Dutch motivational speaker Emile Ratelband may feel like a 49-year-old but according to Dutch law he is still 69.
A Dutch court on Monday rejected Ratelband's request to shave 20 years off his age in a case that drew worldwide attention.
"Mr. Ratelband is at liberty to feel 20 years younger than his real age and to act accordingly," Arnhem court said in a press statement . "But amending his date of birth would cause 20 years of records to vanish from the register of births, deaths, marriages and registered partnerships. This would have a variety of undesirable legal and societal implications."
Ratelband went to court last month, arguing that he didn't feel 69 and saying his request was consistent with other forms of personal transformation which are gaining acceptance in the Netherlands and around the world, such as the ability to change one's name or gender.
The court rejected that argument, saying that unlike in the case of a name or gender, Dutch law assigns rights and obligations based on age "such as the right to vote and the duty to attend school. If Mr.
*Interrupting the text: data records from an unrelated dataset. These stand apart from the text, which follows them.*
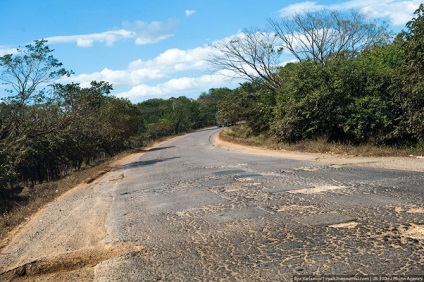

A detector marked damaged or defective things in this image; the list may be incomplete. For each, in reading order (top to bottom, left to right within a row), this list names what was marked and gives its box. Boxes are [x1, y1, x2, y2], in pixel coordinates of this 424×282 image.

pothole [0, 241, 144, 280]
cracked asphalt road [0, 128, 424, 282]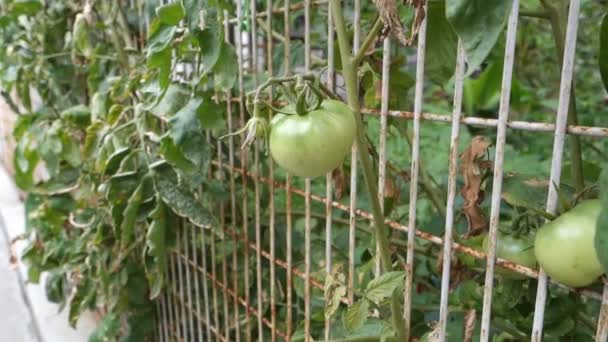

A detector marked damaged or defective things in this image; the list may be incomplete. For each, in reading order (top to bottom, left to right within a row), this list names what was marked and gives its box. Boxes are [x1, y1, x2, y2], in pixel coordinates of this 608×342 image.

rusty metal grid [153, 0, 608, 342]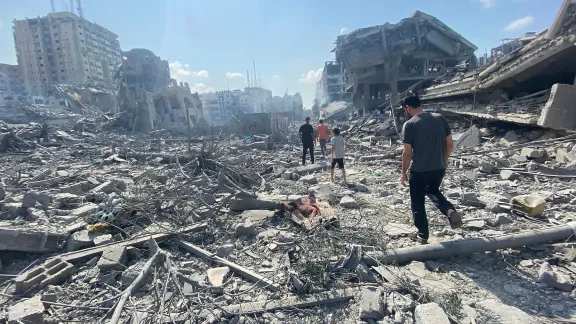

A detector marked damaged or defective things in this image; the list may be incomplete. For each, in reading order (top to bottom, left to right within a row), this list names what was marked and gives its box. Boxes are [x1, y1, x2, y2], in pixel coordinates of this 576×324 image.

damaged structure [115, 49, 205, 132]
damaged structure [332, 10, 476, 119]
damaged structure [418, 0, 576, 132]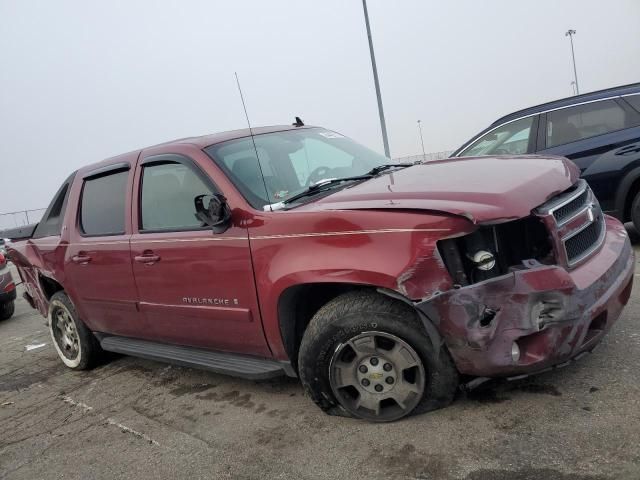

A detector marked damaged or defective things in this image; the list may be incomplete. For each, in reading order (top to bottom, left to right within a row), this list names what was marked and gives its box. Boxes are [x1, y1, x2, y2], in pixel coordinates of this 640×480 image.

Ratelband's request was allowed, those age requirements would become meaningless."
Ratelband, perhaps unsurprisingly given his background as self-described advocate of positive thinking, was undeterred by the court's rejection and vowed to appeal.
"This is great!" he said. "The rejection of (the) court is great ... because they give all kinds of angles where we can connect when we go in appeal."
He said he was the first of "thousands of people who want to change their age."
The court said it acknowledged "a trend in society for people to feel fit and healthy for longer, but did not regard that as a valid argument for amending a person's date of birth."
Ratelband also insisted his case did have parallels with requests for name and gender changes.
"I say it's comparable because it has to do with my feeling, with respect about who I think ... I am, my identity," he said.
The court said Ratelband failed to convince the judges that he suffers from age discrimination, adding that "there are other alternatives available for challenging age discrimination, rather than amending a person's date of birth."